START Data section

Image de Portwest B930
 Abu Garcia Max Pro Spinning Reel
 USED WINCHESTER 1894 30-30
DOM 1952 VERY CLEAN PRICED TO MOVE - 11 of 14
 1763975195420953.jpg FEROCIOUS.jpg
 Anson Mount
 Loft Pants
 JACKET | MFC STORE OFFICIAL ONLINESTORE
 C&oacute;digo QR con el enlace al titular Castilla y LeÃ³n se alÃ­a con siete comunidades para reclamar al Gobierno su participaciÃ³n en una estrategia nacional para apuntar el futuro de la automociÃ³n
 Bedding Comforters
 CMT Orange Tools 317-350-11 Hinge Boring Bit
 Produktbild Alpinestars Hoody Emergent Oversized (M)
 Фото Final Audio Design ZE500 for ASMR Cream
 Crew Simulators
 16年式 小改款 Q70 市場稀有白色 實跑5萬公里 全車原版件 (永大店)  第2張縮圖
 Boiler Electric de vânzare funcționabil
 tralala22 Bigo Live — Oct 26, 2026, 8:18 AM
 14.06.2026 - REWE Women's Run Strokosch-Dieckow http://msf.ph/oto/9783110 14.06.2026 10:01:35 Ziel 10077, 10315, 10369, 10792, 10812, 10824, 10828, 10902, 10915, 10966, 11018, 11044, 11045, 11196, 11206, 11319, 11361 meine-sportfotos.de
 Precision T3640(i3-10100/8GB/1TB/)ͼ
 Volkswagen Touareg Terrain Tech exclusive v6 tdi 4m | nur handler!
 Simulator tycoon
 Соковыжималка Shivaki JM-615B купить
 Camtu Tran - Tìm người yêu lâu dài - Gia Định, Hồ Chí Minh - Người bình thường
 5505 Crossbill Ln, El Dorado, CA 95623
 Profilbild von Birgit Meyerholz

END Data section

The records above should be printed exactly, please, from the first line through the line containing "CMT Orange Tools 317-350-11 Hinge Boring Bit", with both ends kept and nothing past it.

Image de Portwest B930
 Abu Garcia Max Pro Spinning Reel
 USED WINCHESTER 1894 30-30
DOM 1952 VERY CLEAN PRICED TO MOVE - 11 of 14
 1763975195420953.jpg FEROCIOUS.jpg
 Anson Mount
 Loft Pants
 JACKET | MFC STORE OFFICIAL ONLINESTORE
 C&oacute;digo QR con el enlace al titular Castilla y LeÃ³n se alÃ­a con siete comunidades para reclamar al Gobierno su participaciÃ³n en una estrategia nacional para apuntar el futuro de la automociÃ³n
 Bedding Comforters
 CMT Orange Tools 317-350-11 Hinge Boring Bit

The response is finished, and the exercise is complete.